O unteachably after evil, but uttering truth,
Why, tears! is it? tears; such a melting, a madrigal start!
Never-eldering revel and river of youth,
What can it be, this glee? the good you have there of your own?
Sister, a sister calling
A master, her master and mine! --
And the inboard seas run swirling and hawling;
The rash smart sloggering brine
Blinds her; but she that weather sees one thing, one;
Has one fetch in her: she rears herself to divine
Ears, and the call of the tall nun
To the men in the tops and the tackle rode over the storm's brawling.
You are probably asking yourself why on earth I am quoting this poem in a review of Muriel Spark's celebrated novel, The Girls of Slender Means. If you have read the novel you will of course remember that it is one of the poems used by Joanna, an elocution teacher and one of the girls who lives in the May Teck Hostel where the story is set. But there's a bit more too it than that, though it will be hard to explain without giving too much away to anyone who has not yet read it.
Set in 1945, at the end of WW2, this great novel tells the story of a group of young women who live on very low incomes in this large Victorian house overlooking Kensington Gardens in London. They work in menial office jobs, scrounge for food and clothing coupons, gossip about boyfriends, and share one glorious Schiaparelli evening dress. There's beautiful Selina, who is sleeping with three men but keeping other, richer, ones dangling in the hope of marriage; Pauline, who seems normal but disappears out in the evening from time to time pretending she is going for dinner with the actor Jack Buchanan; Joanna, a clergyman's daughter, who has come to London to escape her tendency to fall in love with curates and is channelling all her passion into the poetry she uses in her elocution classes; and Jane, really the central character, who works for a seedy small-time publisher but is highly respected by the other girls for her work in what she refers to as "the world of books". Jane is fat -- not a politically correct term in this day and age but this is how she, and the other girls, think of her. As the novel begins Jane is falling in love with a moody intellectual author, Nicholas Farringdon, who strings her along but soon starts an affair with Selena. On his many visits to the hostel, however, it is Joanna who most fascinates Nicholas -- she can often be heard declaiming her favourite poems to her pupils, and the novel is studded with short extracts from poets like Wordsworth, Shelley, Coleridge, and of course Hopkins.
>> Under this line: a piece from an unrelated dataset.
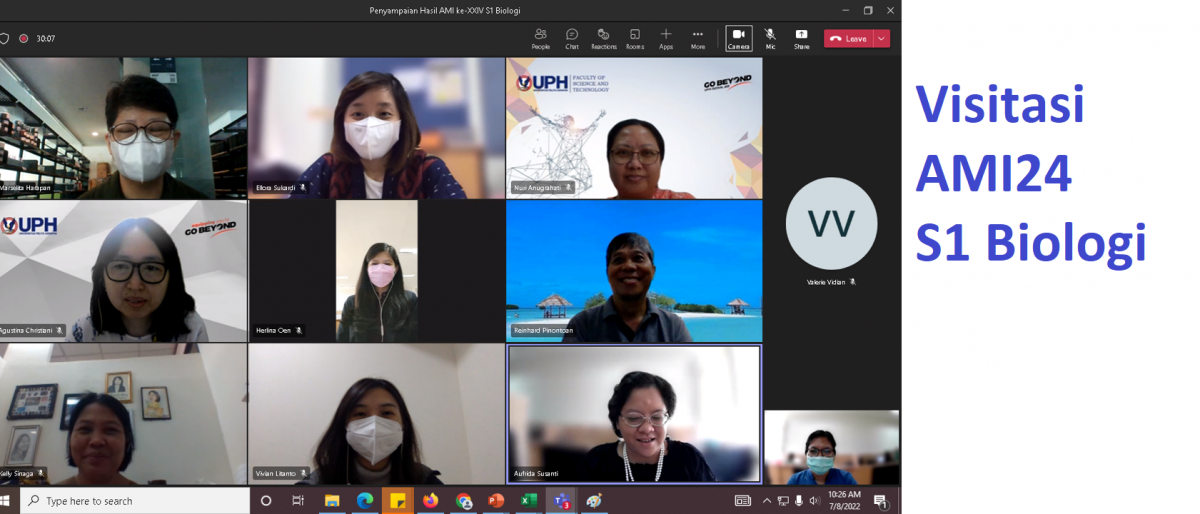 Permalink to: Audit in Pandemic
The setting, in a London devastated by the war, is wonderfully evoked. All over the city are bombed out buildings, some still standing but with their sides torn away so that you can see each room, its wallpaper still intact, exposed to the elements. An unexploded bomb is indeed rumoured to be buried in the hostel garden but no one has ever succeeded in finding it. However this does have a bearing on the dramatic events at the end of the novel, during which Joanna is heard proclaiming from the Psalms in her wonderful, powerful voice. If you have read it you will see what I mean about the Hopkins poem and if you haven't read it you really should. During the course of the book we learn that after these events Nicholas has converted to Catholicism -- something Spark herself did -- and this too seems connected in some way with Joanna and with Hopkins. I'm sure someone has written a learned article or ten about all this. But don't let that put you off. This is an absolutely delightful, witty, perceptive, thought-provoking book and you will be glad you have read it.